Think twice before typing! OpenAI admits your ChatGPT messages could land in police hands

OpenAI has confirmed that conversations on ChatGPT that indicate a risk of serious physical harm to others may be reviewed by human moderators and, in extreme cases, referred to the police.
The company outlined these measures in a recent blogpost explaining how the AI handles sensitive interactions and potential safety risks.
Rules for self-harm and threats to others
Claiming that ChatGPT is designed to provide empathetic support to users experiencing distress, OpenAI stressed that its safeguards differentiate between self-harm and threats to others. For users expressing suicidal intent, the AI directs them to professional resources such as 988 in the US or Samaritans in the UK, but does not directly escalate these cases to law enforcement to protect privacy.
By contrast, when a user expresses intent to harm someone else, the conversation is routed to a specialised review pipeline. Human moderators trained in the company’s usage policies examine the chat, and if they identify an imminent threat, OpenAI may alert authorities. Accounts involved in such incidents can also be banned.
Weaknesses in long conversations?
The company acknowledged that its safety mechanisms are more reliable in short exchanges. In long or repeated conversations, the safeguards can degrade, potentially allowing responses that conflict with safety protocols. OpenAI said it is strengthening these protections to maintain consistency across multiple interactions and to prevent gaps that could increase risk.

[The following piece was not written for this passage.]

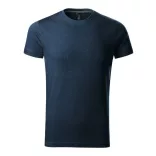 1500213-Tricou-pentru-barbati-Action-Albastru-marin-MALFINI-PREMIUM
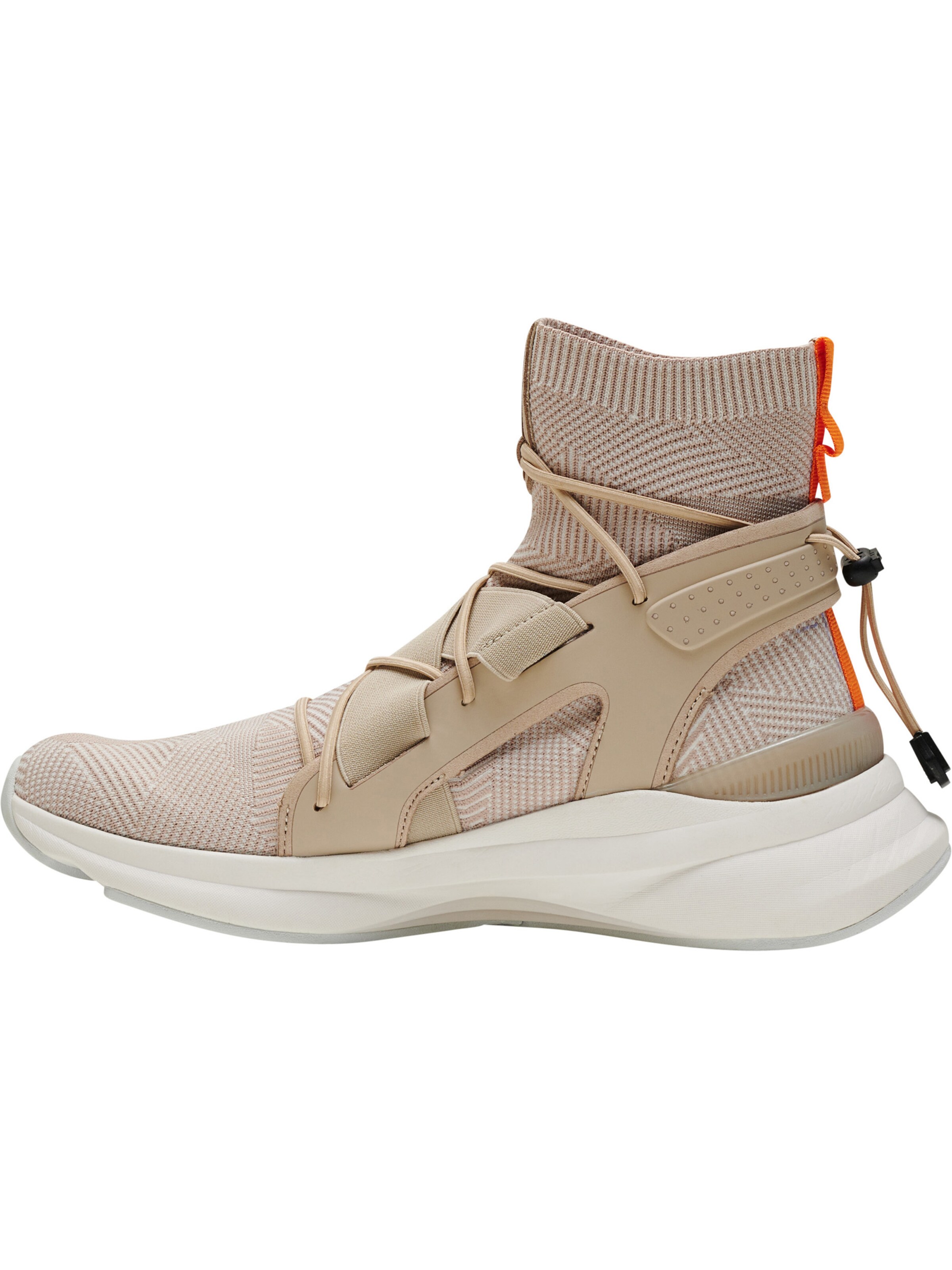 Hummel Sneaker high i beige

In addition to managing threats of harm, OpenAI is working on ways to intervene earlier for other risky behaviours, such as extreme sleep deprivation or unsafe stunts, by grounding users in reality and guiding them toward professional help. The company is also developing parental controls for teen users and exploring mechanisms to connect users to trusted contacts or licensed therapists before crises escalate.
OpenAI’s blogpost highlights that conversations on ChatGPT are not entirely private in certain situations. Users should be aware that if their messages indicate potential danger to others, they could be reviewed by trained moderators and may trigger real-world interventions, including police involvement.